■ **EXERCISE REQUIREMENTS**
Within the entries below, the lines from the one with "Köhko Köhko® Würfelbrunnen" through the one with "TAMIYA タミヤ 1/32" are to be set down exactly, both ends kept.

■ **DATA FOR THE TASK**
------------

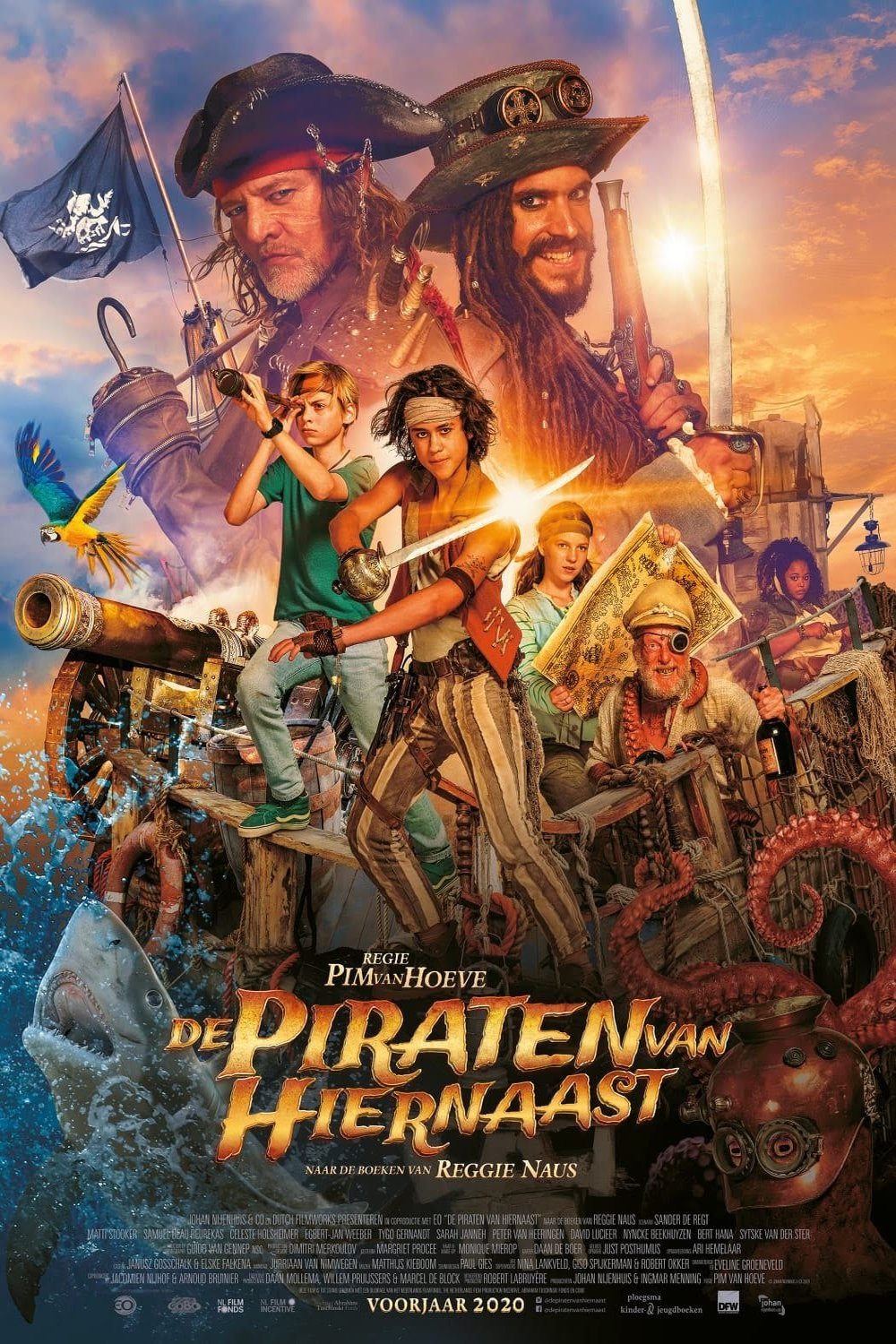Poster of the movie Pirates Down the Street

------------

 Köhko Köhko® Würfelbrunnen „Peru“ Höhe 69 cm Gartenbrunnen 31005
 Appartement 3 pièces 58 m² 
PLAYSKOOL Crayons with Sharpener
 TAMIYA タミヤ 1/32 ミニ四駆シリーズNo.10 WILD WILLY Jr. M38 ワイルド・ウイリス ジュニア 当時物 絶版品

------------

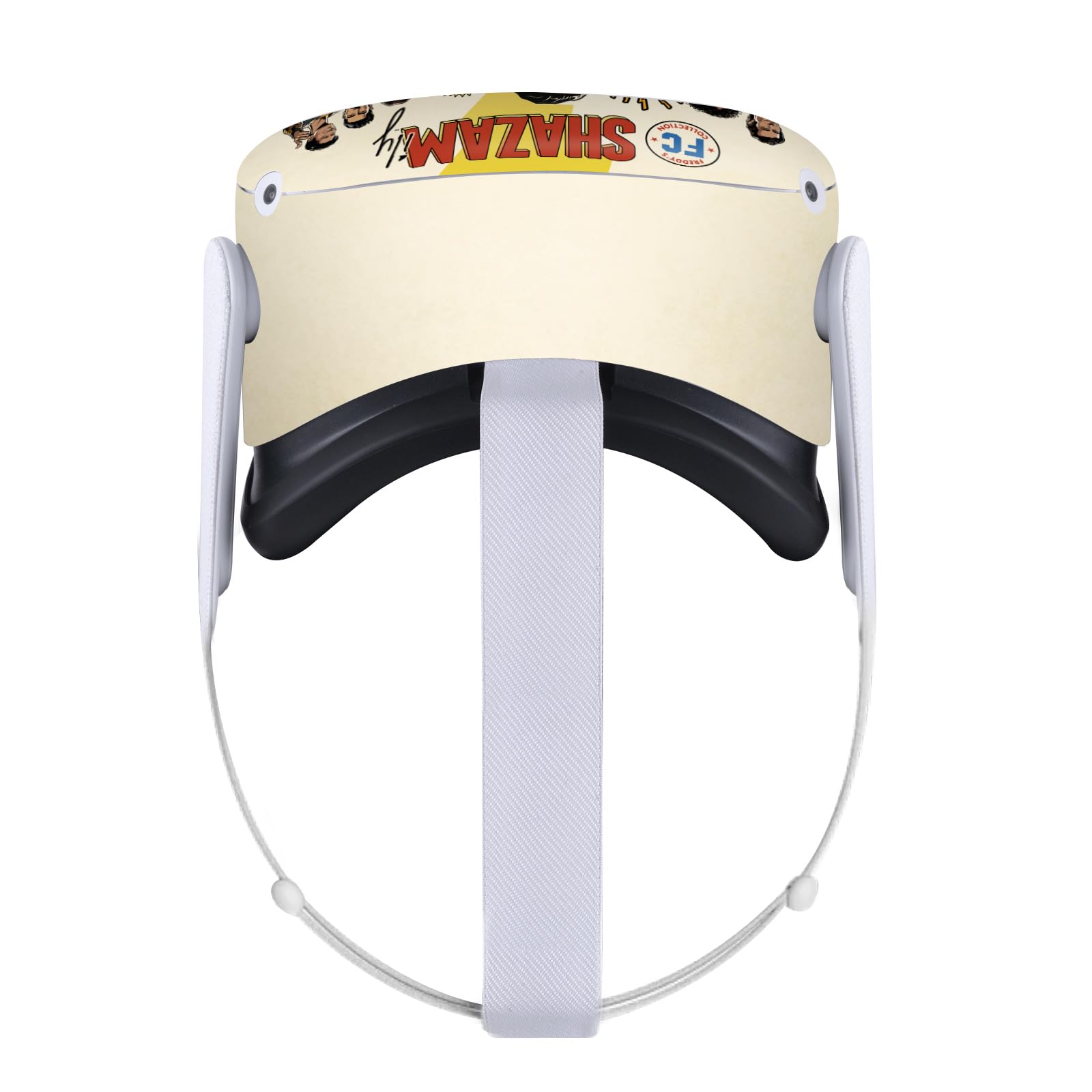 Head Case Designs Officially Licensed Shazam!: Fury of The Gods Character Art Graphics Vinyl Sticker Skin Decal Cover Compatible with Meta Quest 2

------------

■ **RESULT FOR THIS TASK**
 Köhko Köhko® Würfelbrunnen „Peru“ Höhe 69 cm Gartenbrunnen 31005
 Appartement 3 pièces 58 m² 
PLAYSKOOL Crayons with Sharpener
 TAMIYA タミヤ 1/32 ミニ四駆シリーズNo.10 WILD WILLY Jr. M38 ワイルド・ウイリス ジュニア 当時物 絶版品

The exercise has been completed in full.